Weinsteins Sign Interim Agreement with WGA
Unnamed "industry executives" yawn, check watches.
Harvey Weinstein confirmed the deal in an interview this morning, saying "It's important for the business to get the ball rolling and get back to work." According to the Los Angeles Times, The Weinstein Company's deal "mirrors the pacts that the union recently signed with United Artists...and David Letterman's production company, Worldwide Pants Inc."
Between inking various interim deals, shrinking the Golden Globes down to press-conference size, and wreaking havoc with Oscar plans, the WGA seems to be having a pretty good week for itself -- but, as the Times notes, "Without one of the big players making such a deal, these interim agreements are unlikely to have much influence in ending the strike, according to industry executives."
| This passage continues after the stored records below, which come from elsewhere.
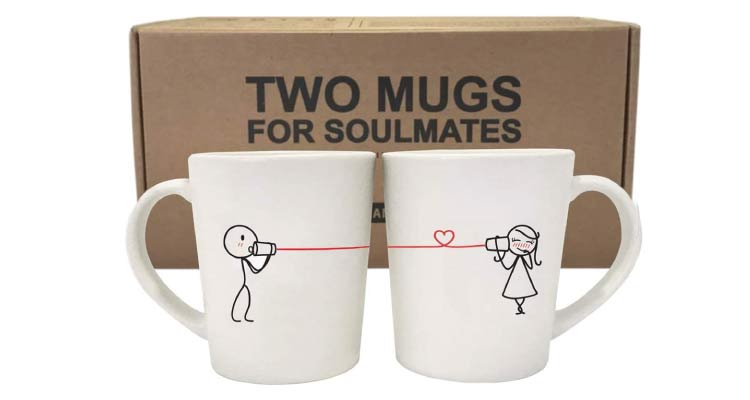 A set of mugs for couples dating anniversary gifts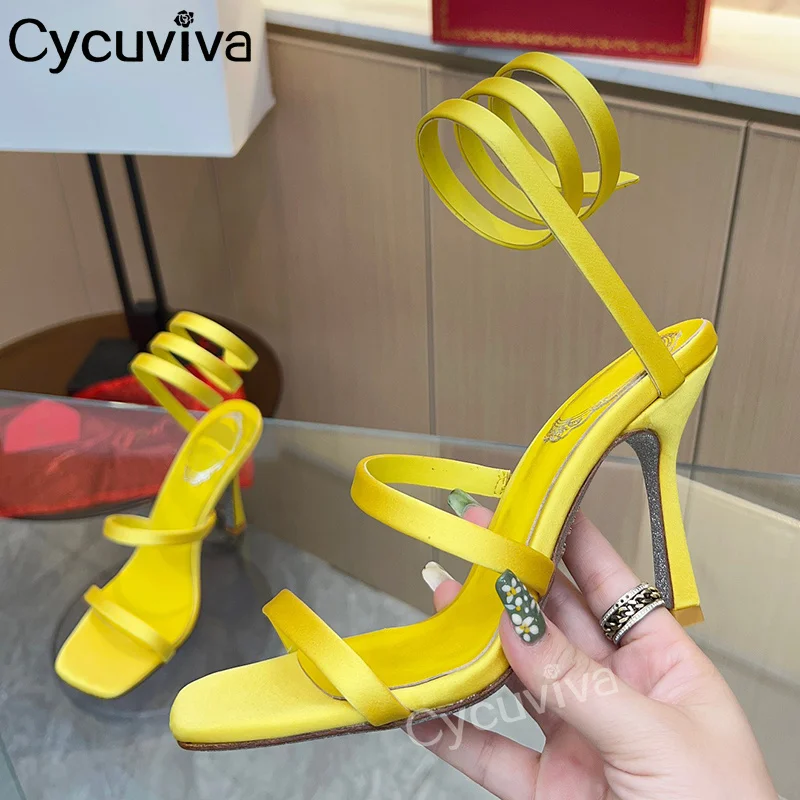 

Summer High Heels Gladiator Sandals Women Snake Ankle Strap Rhinestone Sandals Woman Stiletto Wedding Shoes Women Sandalias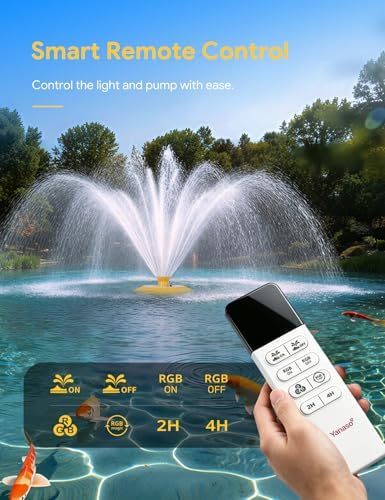 Pond Fountain Aerator with RGB Lights, 1HP 15000 GPH Floating Fountain Pump for Pond & Lake, APP & Remote Control, 110V 750W Water Circulation System, 100FT Cord, 2 Spray Patterns, Timer - Image 3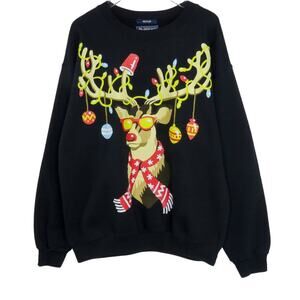 American Rag Reindeer Ugly Christmas Sweater Crewneck Sweatshirt Unisex Medium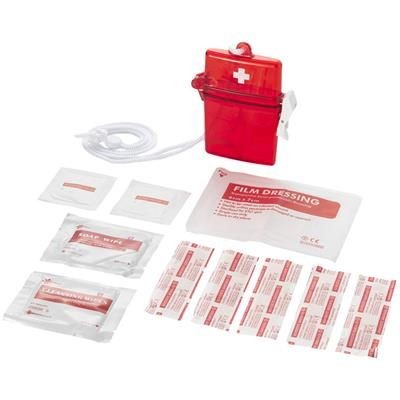 11 PIECE FIRST AID K in Red
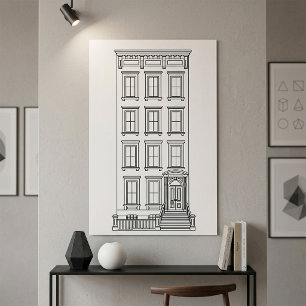Póster Dibujo clásico de apartamento con escalinata de Nu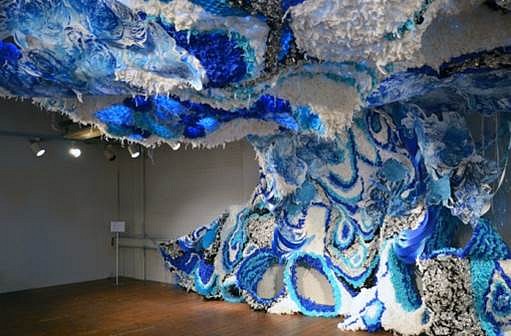 Crystal Wagner
Deluge, 2014
Table cloth, chicken wire, relief print, screen print, monoprint, cut paper, mylar, 360 x 180 x 540 in.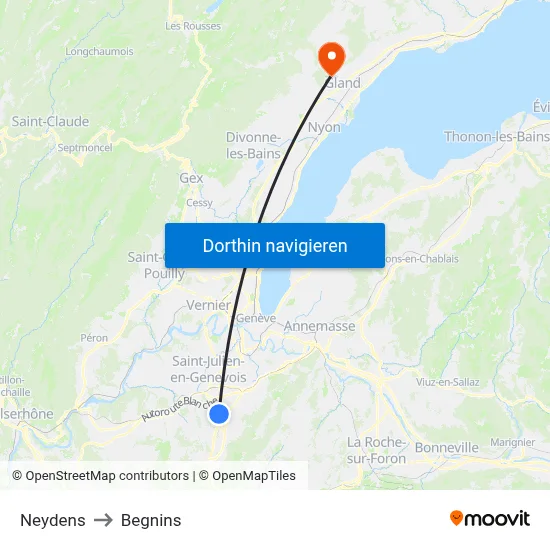 Neydens to Begnins map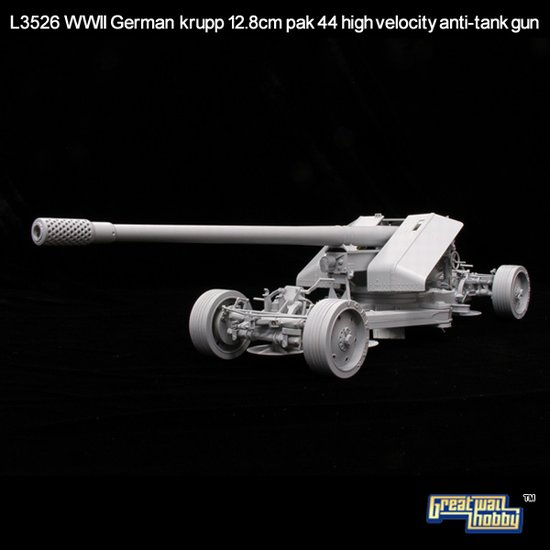 L3526 Сборная модель WWII German Krupp 12.8cm Pak44 Anti-Tank Gun Great Wall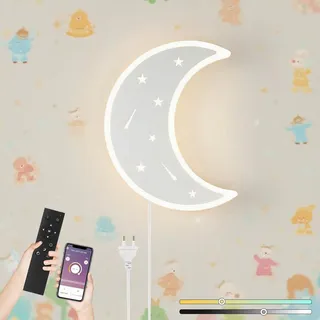 KZT Wandlampe Kinderzimmer Dimmbar mit Fernbedienung 3000K-6000K Wandleuchte mit Stecker Cartoon Mondlampe, Helligkeit Einstellbar, Timer, Acryl Wandbeleuchtung für Babyzimmer, Weiß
Of course, that's according to industry executives -- they'd probably say the strikers were going to burst into flames from picket friction if they thought anyone would believe them -- but it's a point well-taken. United Artists and The Weinstein Company, though both certain to benefit from their WGA deals, are also two of the more hit-starved studios in Hollywood, and unless they can do better with the scripts currently deluging their offices than they did with recent releases such as Lions for Lambs and The Nanny Diaries, those smug "industry executives" could wind up being right on the money. Literally.